(Dataset entries)
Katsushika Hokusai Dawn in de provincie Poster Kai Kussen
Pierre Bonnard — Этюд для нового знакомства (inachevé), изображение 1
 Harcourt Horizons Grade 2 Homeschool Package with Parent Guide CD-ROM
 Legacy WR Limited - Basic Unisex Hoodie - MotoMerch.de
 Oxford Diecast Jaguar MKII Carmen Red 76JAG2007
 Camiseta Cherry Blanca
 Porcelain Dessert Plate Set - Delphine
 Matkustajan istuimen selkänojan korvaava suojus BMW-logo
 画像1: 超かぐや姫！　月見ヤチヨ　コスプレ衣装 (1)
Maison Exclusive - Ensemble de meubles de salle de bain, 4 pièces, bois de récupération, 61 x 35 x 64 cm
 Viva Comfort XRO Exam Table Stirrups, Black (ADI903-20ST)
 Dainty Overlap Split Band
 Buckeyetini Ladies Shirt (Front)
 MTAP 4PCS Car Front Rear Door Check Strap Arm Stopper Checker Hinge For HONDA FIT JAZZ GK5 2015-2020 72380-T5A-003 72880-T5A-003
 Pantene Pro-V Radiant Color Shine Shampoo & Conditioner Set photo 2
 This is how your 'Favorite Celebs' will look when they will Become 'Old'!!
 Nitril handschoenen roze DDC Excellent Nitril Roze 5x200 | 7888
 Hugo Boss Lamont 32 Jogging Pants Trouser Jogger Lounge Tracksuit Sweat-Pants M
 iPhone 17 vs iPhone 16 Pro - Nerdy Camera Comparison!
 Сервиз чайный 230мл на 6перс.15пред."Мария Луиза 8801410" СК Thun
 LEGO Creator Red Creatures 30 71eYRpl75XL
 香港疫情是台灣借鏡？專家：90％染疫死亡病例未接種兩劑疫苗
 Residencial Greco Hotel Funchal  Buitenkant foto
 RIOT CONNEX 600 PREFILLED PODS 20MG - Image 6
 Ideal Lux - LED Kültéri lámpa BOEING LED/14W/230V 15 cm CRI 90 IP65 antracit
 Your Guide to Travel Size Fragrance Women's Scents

Exercise: The required output is every line from the one with "iPhone 17 vs" to the final line of the entries, repeated exactly and with nothing else.

Exercise answer:
 iPhone 17 vs iPhone 16 Pro - Nerdy Camera Comparison!
 Сервиз чайный 230мл на 6перс.15пред."Мария Луиза 8801410" СК Thun
 LEGO Creator Red Creatures 30 71eYRpl75XL
 香港疫情是台灣借鏡？專家：90％染疫死亡病例未接種兩劑疫苗
 Residencial Greco Hotel Funchal  Buitenkant foto
 RIOT CONNEX 600 PREFILLED PODS 20MG - Image 6
 Ideal Lux - LED Kültéri lámpa BOEING LED/14W/230V 15 cm CRI 90 IP65 antracit
 Your Guide to Travel Size Fragrance Women's Scents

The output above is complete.